Dataset content →
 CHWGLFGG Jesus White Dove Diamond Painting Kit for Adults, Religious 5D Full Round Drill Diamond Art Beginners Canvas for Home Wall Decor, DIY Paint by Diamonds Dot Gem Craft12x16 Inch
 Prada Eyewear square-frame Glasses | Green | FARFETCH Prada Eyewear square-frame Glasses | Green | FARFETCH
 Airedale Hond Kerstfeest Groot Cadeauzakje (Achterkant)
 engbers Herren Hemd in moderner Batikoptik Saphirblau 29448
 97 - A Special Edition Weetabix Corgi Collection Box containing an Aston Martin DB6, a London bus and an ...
--
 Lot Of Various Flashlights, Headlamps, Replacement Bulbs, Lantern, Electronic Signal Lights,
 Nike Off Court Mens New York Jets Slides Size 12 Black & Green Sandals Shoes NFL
==
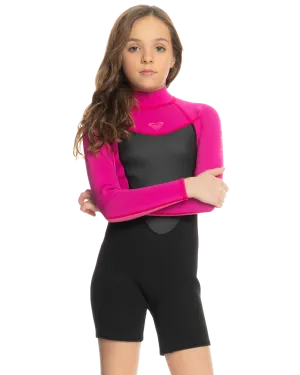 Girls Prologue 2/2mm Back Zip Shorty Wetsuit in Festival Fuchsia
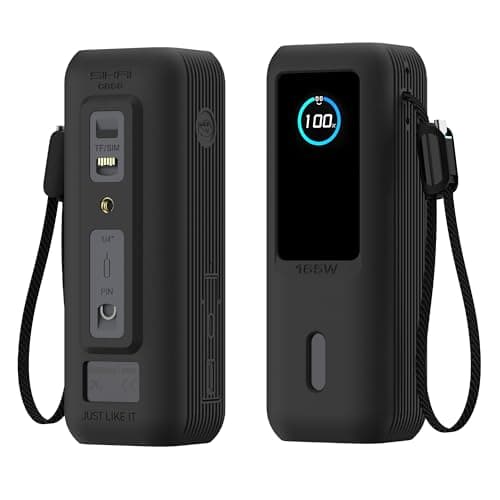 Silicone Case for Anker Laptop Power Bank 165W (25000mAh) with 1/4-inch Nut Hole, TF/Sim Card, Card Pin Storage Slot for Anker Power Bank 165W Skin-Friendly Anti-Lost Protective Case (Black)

Work item → The lines in the records above that include the word "Green" must be copied out.

Result below →
 Prada Eyewear square-frame Glasses | Green | FARFETCH Prada Eyewear square-frame Glasses | Green | FARFETCH
 Nike Off Court Mens New York Jets Slides Size 12 Black & Green Sandals Shoes NFL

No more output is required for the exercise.